Mitglieder der großen Familie der Tintenfische sehe ich an den Küsten des Atlantik sehr gerne auf meinem Teller. Viele Arten von Tintenfischen mit oder ohne „Tinte“ habe ich schon probiert, aber meistens in kopfloser Form, also nur die Tentakel; gegrillt, gebraten, gekocht, in Knoblauch, in Curry. Aber noch nie war ein ganzer Octopus dabei, also Kopf-Körper und acht Tentakel. Kürzlich in Portugal habe ich aber ein paar neue Lokale ausprobiert und in einem gab es diesen Kraken. Vom Aussehen her sind sie ja nicht besonders appetitlich, aber das täuscht. Er war wirklich köstlich, ganz zartes weißes Fleisch …
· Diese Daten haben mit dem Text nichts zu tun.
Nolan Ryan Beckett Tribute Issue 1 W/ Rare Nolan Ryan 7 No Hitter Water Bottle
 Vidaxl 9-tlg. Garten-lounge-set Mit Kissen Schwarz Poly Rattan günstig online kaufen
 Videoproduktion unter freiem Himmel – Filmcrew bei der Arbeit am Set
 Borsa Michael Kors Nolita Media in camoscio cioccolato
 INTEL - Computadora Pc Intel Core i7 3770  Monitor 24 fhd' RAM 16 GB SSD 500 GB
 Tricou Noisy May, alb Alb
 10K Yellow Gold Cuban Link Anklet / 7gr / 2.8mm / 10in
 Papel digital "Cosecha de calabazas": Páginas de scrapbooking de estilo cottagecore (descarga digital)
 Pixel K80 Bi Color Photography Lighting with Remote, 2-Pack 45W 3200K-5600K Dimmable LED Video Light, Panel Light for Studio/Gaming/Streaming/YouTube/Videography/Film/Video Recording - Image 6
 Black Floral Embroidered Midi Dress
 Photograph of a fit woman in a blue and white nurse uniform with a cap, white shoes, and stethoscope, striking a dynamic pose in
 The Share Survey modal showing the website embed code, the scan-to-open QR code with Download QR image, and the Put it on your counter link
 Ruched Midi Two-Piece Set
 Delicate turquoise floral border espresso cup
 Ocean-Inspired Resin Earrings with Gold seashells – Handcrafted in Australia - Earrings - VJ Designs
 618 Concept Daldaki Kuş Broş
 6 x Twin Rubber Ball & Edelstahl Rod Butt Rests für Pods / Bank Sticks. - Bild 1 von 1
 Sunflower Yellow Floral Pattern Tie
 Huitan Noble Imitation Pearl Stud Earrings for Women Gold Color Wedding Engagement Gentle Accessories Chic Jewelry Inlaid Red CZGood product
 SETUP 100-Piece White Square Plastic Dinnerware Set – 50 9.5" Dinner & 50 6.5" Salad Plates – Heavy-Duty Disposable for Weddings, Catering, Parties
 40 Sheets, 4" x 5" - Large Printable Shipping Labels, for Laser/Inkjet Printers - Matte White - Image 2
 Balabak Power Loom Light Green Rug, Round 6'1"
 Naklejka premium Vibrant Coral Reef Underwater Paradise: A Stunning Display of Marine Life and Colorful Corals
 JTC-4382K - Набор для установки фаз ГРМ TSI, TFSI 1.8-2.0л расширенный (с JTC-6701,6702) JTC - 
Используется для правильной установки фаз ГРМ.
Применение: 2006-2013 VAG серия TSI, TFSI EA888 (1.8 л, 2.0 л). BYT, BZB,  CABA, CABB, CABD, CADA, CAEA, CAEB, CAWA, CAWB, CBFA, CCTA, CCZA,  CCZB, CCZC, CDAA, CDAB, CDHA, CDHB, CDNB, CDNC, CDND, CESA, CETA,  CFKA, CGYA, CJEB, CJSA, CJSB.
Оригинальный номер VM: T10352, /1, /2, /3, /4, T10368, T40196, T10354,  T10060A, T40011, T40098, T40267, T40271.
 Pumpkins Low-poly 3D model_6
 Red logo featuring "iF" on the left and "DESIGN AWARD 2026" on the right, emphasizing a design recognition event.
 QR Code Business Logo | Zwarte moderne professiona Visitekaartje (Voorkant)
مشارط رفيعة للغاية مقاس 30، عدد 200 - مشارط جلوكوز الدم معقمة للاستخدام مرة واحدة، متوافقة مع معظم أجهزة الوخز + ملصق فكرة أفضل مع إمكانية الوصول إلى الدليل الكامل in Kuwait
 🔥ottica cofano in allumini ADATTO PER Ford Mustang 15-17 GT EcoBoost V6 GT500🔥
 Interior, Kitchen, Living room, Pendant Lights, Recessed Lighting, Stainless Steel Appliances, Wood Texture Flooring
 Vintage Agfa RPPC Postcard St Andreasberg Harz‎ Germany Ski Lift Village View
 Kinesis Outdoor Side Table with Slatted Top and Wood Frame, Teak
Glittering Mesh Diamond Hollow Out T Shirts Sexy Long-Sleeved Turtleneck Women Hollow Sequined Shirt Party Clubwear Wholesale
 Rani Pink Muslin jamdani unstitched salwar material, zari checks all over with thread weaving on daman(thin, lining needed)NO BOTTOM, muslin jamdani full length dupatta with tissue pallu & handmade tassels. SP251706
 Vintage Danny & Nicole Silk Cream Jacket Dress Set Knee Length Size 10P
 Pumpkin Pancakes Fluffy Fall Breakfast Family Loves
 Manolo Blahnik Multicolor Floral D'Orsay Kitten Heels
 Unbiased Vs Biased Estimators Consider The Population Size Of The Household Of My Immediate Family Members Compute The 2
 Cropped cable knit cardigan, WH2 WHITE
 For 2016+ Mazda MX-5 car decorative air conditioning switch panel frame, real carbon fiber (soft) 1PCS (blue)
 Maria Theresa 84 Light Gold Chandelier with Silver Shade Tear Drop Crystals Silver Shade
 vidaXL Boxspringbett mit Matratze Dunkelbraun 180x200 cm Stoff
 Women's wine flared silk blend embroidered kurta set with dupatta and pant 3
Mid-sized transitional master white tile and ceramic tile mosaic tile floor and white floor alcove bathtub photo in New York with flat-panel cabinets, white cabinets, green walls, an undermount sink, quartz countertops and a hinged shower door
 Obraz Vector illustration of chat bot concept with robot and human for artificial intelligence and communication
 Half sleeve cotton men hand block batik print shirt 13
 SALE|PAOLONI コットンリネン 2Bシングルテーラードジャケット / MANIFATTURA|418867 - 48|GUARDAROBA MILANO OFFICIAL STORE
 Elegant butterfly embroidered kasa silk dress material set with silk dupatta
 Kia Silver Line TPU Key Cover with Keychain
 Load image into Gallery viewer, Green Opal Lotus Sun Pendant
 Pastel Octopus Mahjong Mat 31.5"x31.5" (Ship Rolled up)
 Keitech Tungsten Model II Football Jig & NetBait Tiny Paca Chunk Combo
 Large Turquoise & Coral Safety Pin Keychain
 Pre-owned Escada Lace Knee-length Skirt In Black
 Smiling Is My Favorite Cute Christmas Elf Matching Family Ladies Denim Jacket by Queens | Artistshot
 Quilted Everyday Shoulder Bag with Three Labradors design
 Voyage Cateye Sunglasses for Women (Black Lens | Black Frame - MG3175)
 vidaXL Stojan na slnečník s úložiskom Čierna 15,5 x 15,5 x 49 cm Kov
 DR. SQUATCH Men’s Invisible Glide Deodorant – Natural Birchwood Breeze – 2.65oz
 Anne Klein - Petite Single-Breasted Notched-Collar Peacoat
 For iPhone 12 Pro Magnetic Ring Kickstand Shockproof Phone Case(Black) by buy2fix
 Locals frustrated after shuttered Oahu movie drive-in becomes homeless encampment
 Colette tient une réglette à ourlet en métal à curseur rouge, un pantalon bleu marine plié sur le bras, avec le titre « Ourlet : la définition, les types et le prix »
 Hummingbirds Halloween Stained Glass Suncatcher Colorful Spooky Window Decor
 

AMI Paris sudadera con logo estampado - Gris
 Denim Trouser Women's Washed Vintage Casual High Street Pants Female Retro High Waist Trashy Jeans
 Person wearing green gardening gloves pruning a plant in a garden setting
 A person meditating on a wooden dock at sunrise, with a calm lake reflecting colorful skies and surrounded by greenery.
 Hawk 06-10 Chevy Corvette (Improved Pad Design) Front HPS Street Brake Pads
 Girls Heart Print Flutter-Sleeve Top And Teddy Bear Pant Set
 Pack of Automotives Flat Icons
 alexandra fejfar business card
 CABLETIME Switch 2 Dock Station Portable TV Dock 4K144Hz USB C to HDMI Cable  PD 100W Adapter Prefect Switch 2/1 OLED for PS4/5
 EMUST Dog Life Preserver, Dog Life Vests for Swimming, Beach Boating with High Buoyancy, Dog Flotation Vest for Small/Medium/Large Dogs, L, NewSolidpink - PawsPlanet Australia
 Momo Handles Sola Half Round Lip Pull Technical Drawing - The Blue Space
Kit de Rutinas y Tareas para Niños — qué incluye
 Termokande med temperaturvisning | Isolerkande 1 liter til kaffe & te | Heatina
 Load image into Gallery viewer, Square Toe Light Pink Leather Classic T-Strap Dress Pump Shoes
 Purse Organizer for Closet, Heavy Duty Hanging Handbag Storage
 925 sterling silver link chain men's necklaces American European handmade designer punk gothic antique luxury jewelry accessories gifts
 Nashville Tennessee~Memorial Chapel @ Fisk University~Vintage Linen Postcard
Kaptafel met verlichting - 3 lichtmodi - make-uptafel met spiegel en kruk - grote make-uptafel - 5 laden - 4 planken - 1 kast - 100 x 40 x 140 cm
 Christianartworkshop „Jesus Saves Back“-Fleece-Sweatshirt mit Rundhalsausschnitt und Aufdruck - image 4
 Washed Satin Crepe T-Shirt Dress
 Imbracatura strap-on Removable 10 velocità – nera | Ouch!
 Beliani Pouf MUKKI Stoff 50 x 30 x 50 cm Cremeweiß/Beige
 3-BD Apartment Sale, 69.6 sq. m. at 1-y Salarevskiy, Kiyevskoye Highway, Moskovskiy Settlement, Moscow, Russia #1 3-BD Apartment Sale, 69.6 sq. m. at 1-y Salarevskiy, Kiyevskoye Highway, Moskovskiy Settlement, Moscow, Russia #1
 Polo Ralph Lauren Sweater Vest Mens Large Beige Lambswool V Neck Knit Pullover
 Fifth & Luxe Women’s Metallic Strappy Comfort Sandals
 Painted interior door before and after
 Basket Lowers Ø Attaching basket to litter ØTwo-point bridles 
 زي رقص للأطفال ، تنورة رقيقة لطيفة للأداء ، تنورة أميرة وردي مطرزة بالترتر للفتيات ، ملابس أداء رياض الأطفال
Eine Spur von schlechtem Gewissen hatte ich schon. Kraken mit ihren neun Gehirnen (eines im Kopf und eines in jedem Tentakel) sind sehr intelligent und es gibt seriöse Biologen, die sie für potentielle Nachfolger der Menschheit halten. Erst in ein paar Millionen Jahren, aber immerhin. Es ist genauso wie bei den Säugetieren. Man isst ein Teil und denkt nicht daran, dass es sich um intelligente Lebewesen handelt.

Zur Unterstreichung des Kopflosen noch ein Foto. In der Nähe des Octopus-Restaurants gab es einen Teich mit diversen Wasservögeln. Einen Augenblick lang hat sich die Kamera irgendwie verselbstständigt und dieses spannende Bild hervorgebracht. Eindeutig passend zum Thema „kopflos“.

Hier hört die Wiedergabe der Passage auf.